# INFORMATION SHOWN

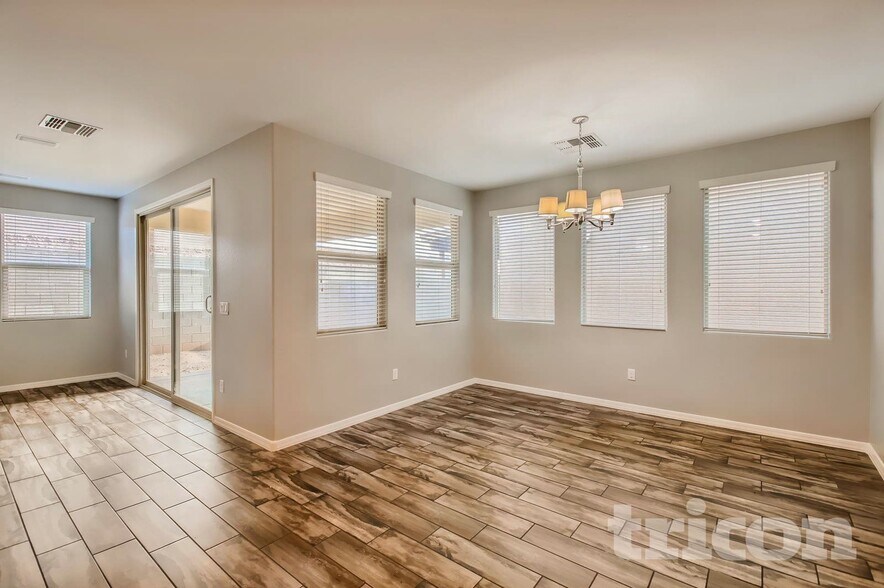 Building Photo - 12042 W Fillmore St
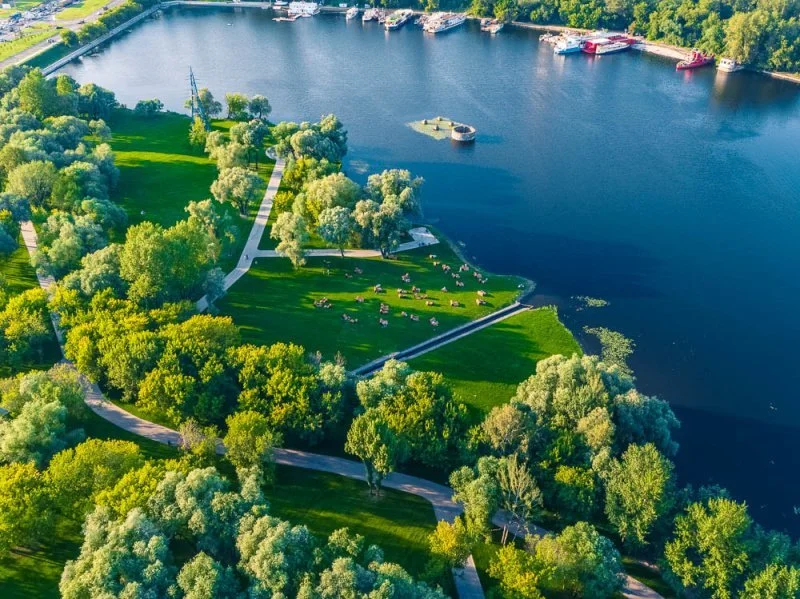 Сколько стоят новостройки у лучших парков Москвы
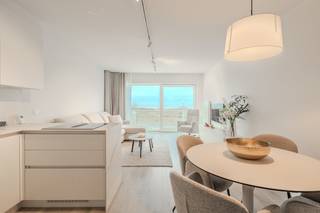 Studio haut de gamme avec coin couchage séparé situé au premier étage de la résidence Sirenuse, Zeedijk 55 Nieuwpoort. L'ouverture et la...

# ASSIGNED TASK
Set down the full listing above with its wording unchanged. Leave out its images.

# ANSWER FOR THE TASK
 Building Photo - 12042 W Fillmore St
 Сколько стоят новостройки у лучших парков Москвы
 Studio haut de gamme avec coin couchage séparé situé au premier étage de la résidence Sirenuse, Zeedijk 55 Nieuwpoort. L'ouverture et la...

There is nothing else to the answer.